Employers who fail to address safety issues on construction sites arent just failing themselves and their company but are also failing workers because in addition to the physical impact of injuries, there are ripple effects which can affect their entire lives. A recent incident which took place on a construction project in Nicholls is an example of these consequences.
A concreter who suffered injury on a job turned to illicit drugs to manage the pain sustained from the injury, subsequently the man’s entire life was affected and spiralled downhill.
The injury occured when the worker was asked to load 3 large pieces of conrete onto a truck, damaging his back in the process. The pain which started in his back then progressed into severe lower back and right leg pain.
The following excerpt from a post on www.CanberraTimes.com.au explains further:
A concreter who turned to heroin to manage back pain suffered on the job has won more than $820,000 in damages.
Dominic Fischetti, 50, was a self-employed concreter subcontracting on a project in Nicholls when the injury occurred in 2005.
Mr Fischetti was asked to load three large pieces of concrete onto a truck, damaging his back in the process.
He reported feeling something go in his back and suffered severe lower back and right leg pain in the days and weeks after.
Although the worker continued to work for a further 3 months, the pain did not subside and the worker was forced to seek medical treatment. This incident is a reminder to workers about the need to address injuries immediately rather than allow them to deteriorate until they become debilitating. All incidents and near misses should be reported for this reason as well.
The article on CanberraTimes.com.au went on to explain:
A scan revealed a disc protrusion and he was advised to think about a new career. But he had only ever been a concreter and was unqualified for other work, so continued in his job for another two years.
He managed the pain with painkillers for a time, but his back became steadily worse. Mr Fischetti then began using morphine tablets, smoking opium, and injecting heroin, which he found provided more effective relief.
The court heard his heroin use lasted for about eight months before he quit and joined a methadone program, which he was still on at the time of the hearing.
The defendant company became critical of the speed he worked at and, in 2008, he began to receive less work. Mr Fischetti stopped work altogether at the end of 2008 because he could not cope.

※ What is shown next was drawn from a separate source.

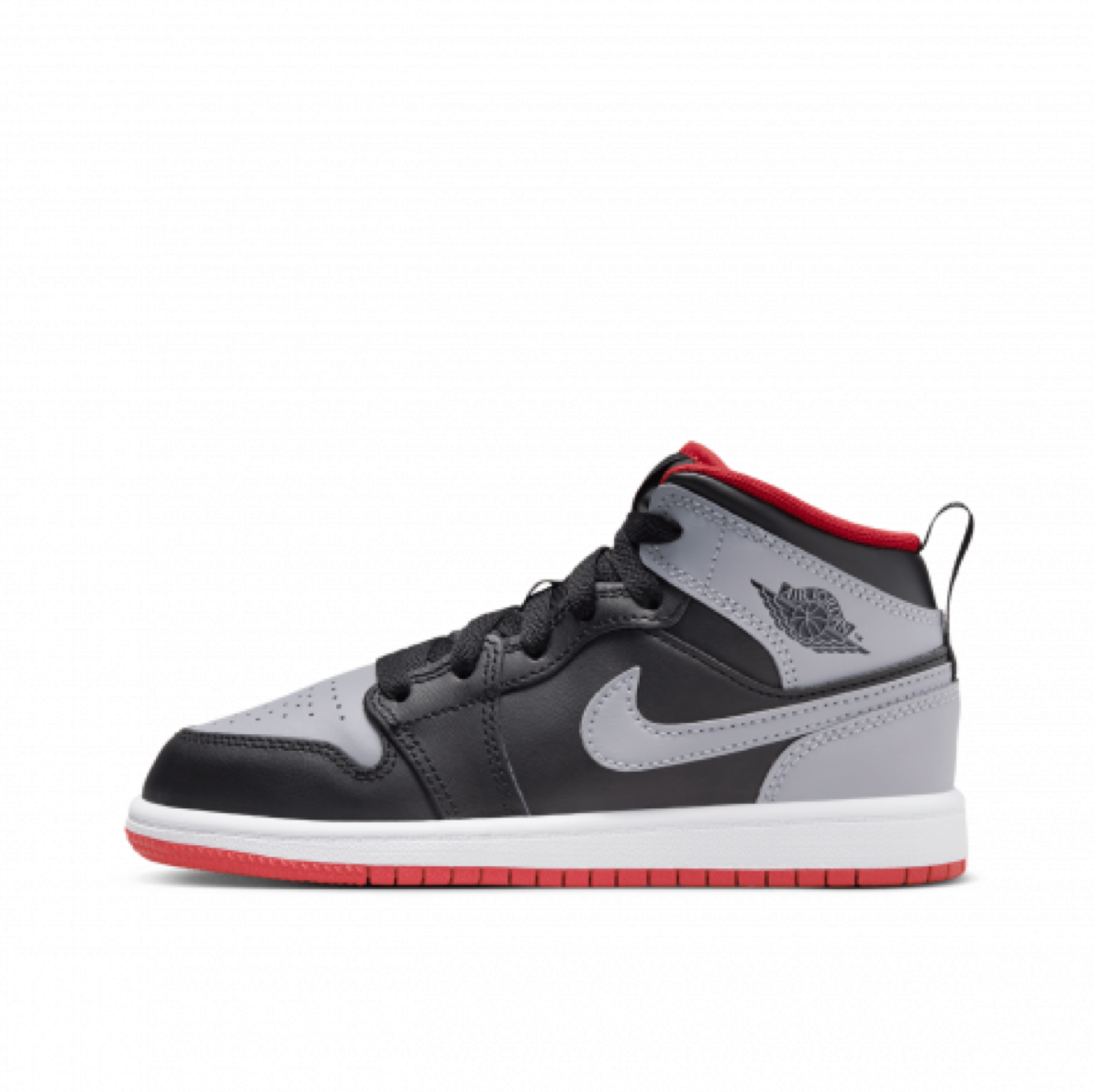 AIR JORDAN 1 MID GS - BLACK/CEMENT GREY-FIRE RED-WHITE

In 2010, police took him to Canberra Hospital suffering from depression because of the incident. The previous active worker was forced to give up the things he loved so much like soccer, fishing and body building because of his injury.
The man then launched action against defendant company Classic Constructions, alleging it negligently breached a duty of care not to expose him to risk of injury but the company claimed that the man’s injury was caused by his own negligence. Ultimately the man was rewarded $822,641 but this will not make up for the pain and suffering he has sustained thus far.